* **Exercise prompt**: Go through the following data and transcribe exactly the stretch of lines from the one holding "짬견지모음(3월에 밀양강~금강~밀양강) 이미지" to the one holding "Funny Small Cute Dog", both included.

* **Data provided**:
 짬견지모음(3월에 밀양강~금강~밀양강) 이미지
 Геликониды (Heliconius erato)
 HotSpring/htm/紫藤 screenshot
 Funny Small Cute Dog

==

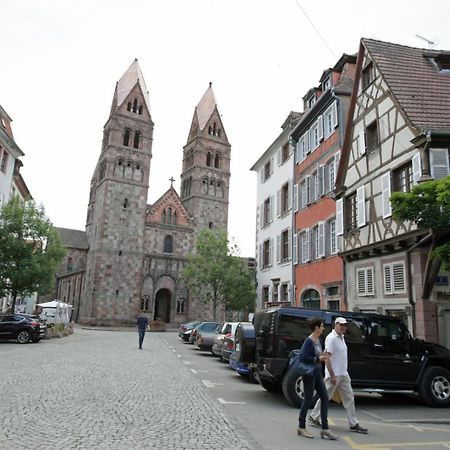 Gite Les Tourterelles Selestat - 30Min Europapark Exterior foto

* **Solution for this exercise**:
 짬견지모음(3월에 밀양강~금강~밀양강) 이미지
 Геликониды (Heliconius erato)
 HotSpring/htm/紫藤 screenshot
 Funny Small Cute Dog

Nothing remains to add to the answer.